Karl Polanyi spoke of three fictitious commodities: labour, land and money. He believed that once these three essentials were fully commodified, i.e. their social value is replaced solely by market value, our societies and world would be endangered. It can be argued that we are presently experiencing the full commodification of all three: the globalised labour market encourages a race to the bottom and increasingly precarious practices; the financial crisis, the product of M -> M’, is still felt in the resulting austerity and an unreformed sector; and each year the Earth gets hotter, our soils get thinner and less fertile, the culminations of our unsustainable consumption embolden. As such, perhaps the elections of Trump and the vote for Brexit can be understood through the commodification of money and labour. Ironically, if we look at appointments and listen to whispers so far, these results may further us along Polanyi’s road to ruin.
It is confusing and unnerving. With 2016 coming to an end, there is a sense we stand at a crossroads, unsure as to where each road leads. The dichotomy of right and left seems to be blurring, with one of open and closed becoming bolder at home and abroad. It is strange yet familiar, shocking yet predictable; a psychological and emotional space best excavated by David Lynch. As in the opening scenes of Blue Velvet, it is as if we are delving into the mud, forcing us to refocus on the nationalism and xenophobia that buoyed the Trump and Brexit votes. Like the dirt, have these moods and sentiments always existed, waiting to be unearthed? Or is this a new phenomenon? Perhaps that’s why these historical comparisons feel so vapid, why the sense of foreboding looms so large? We feel as if we should know the answers and still they remain enigmatic, to be guessed at, to be wished for.

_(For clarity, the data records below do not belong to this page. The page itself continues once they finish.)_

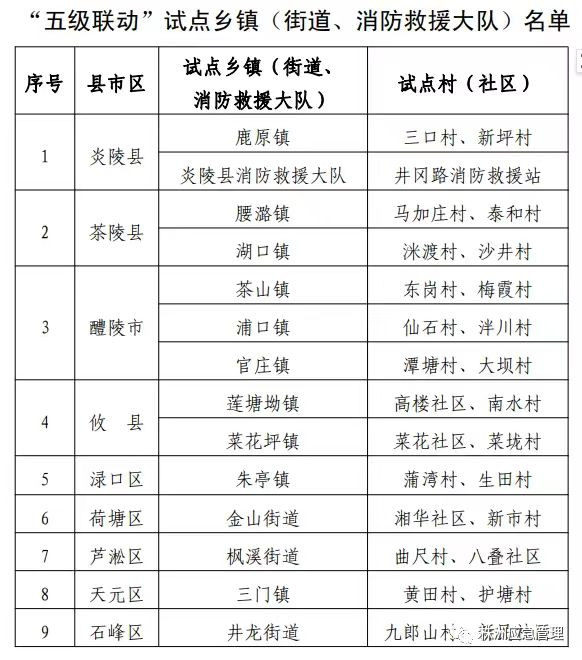 株洲：加快推进“五级联动” 指挥调度系统建设  株洲应急管理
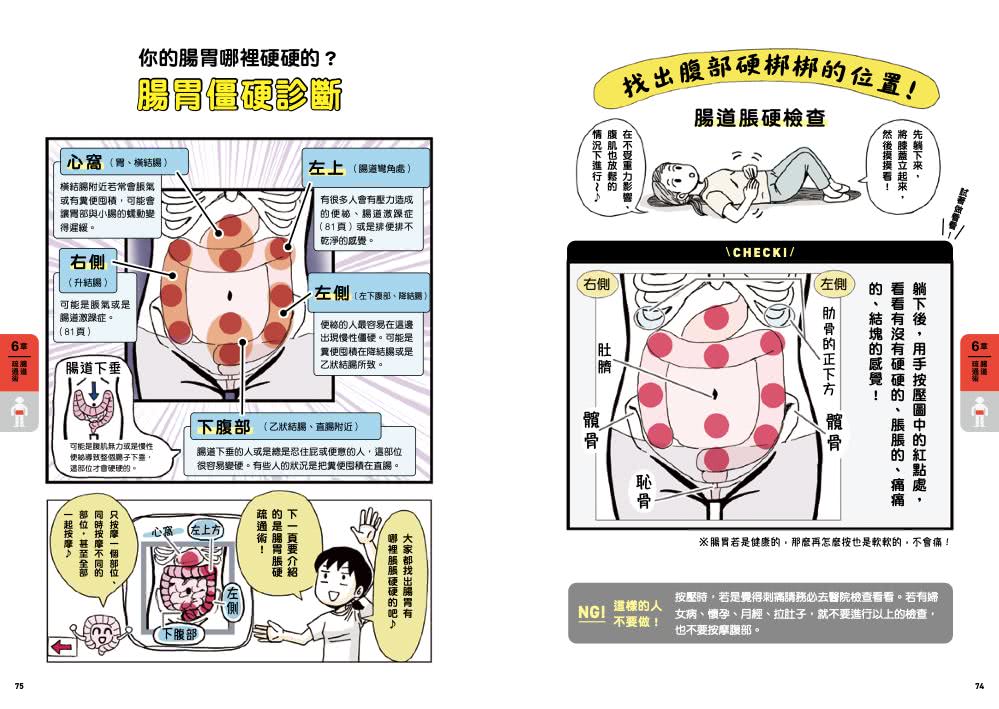 一個人放鬆按摩術：用手解決身心疲勞、肌膚鬆弛問題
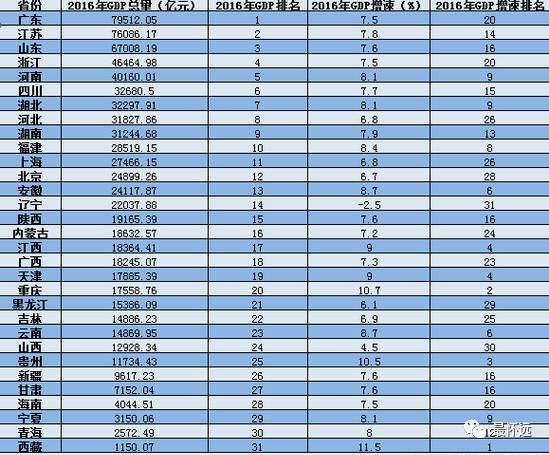 江苏安徽两省gdp_2018年发电量 全球超26万亿千瓦时,中国占25.49 ,美国占15.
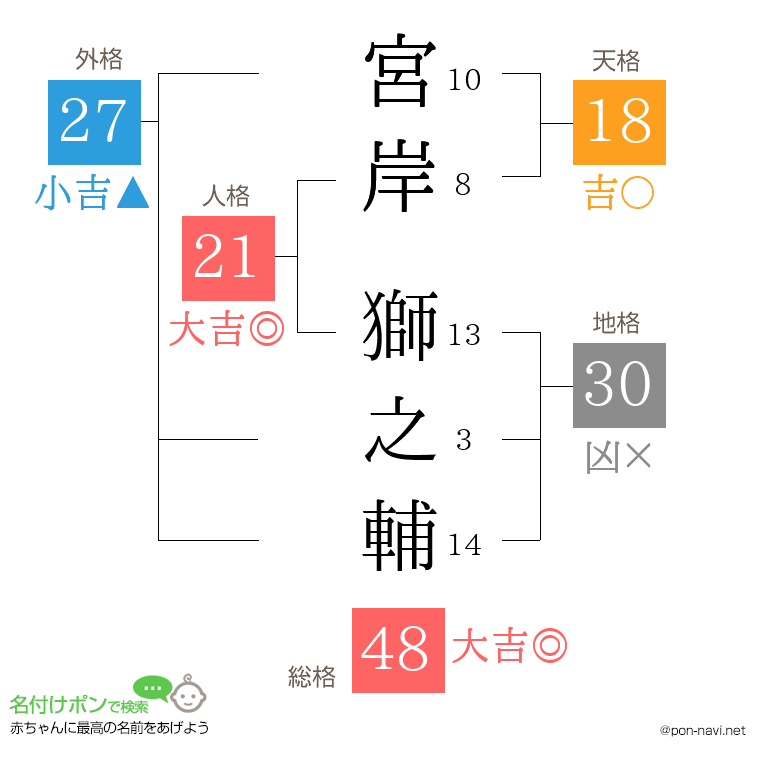 宮岸 獅之輔さんの姓名判断結果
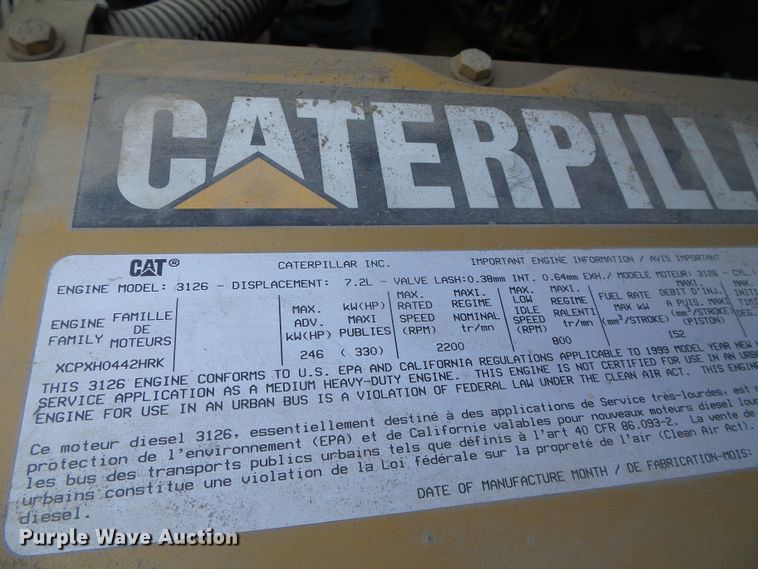 image for item DC5111 1995 GMC TopKick C6500 flatbed truck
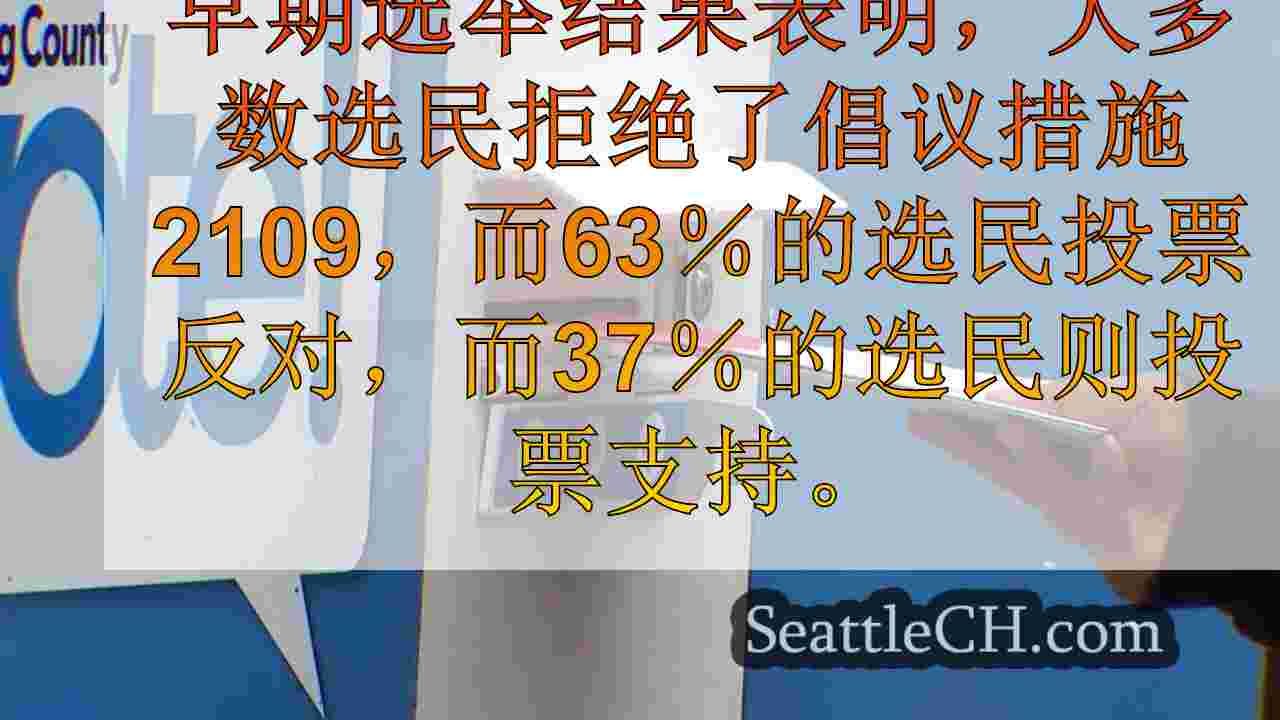 早期结果表明，华盛顿选民拒绝I-2109，保持资本利得完整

In the background, adding depth and despair to this foreboding, is global warming. This year, the year of political upheaval, will log the hottest global temperatures on human record, breaking the previous records of 2015 and 2014. According to the World Meteorological Organisation, it will show temperatures 1.2⁰C above pre-industrial levels, just 0.3⁰C short of the target set only last year in Paris. Looking at these past three years, the rate of change is growing, as if the warming is accelerating: 0.74⁰C, 0.9⁰C, 1.2⁰C. It is shocking yet predictable. Ed Hawkins’ spiralling infographic captures this mood, allowing us to visualise this warming as a disintegration, an unravelling; we are speeding towards those thick, red, catastrophic lines of 1.5 and 2⁰C.
Watching the momentum of time’s line grow, it’s hard not to think that perhaps Polanyi was correct.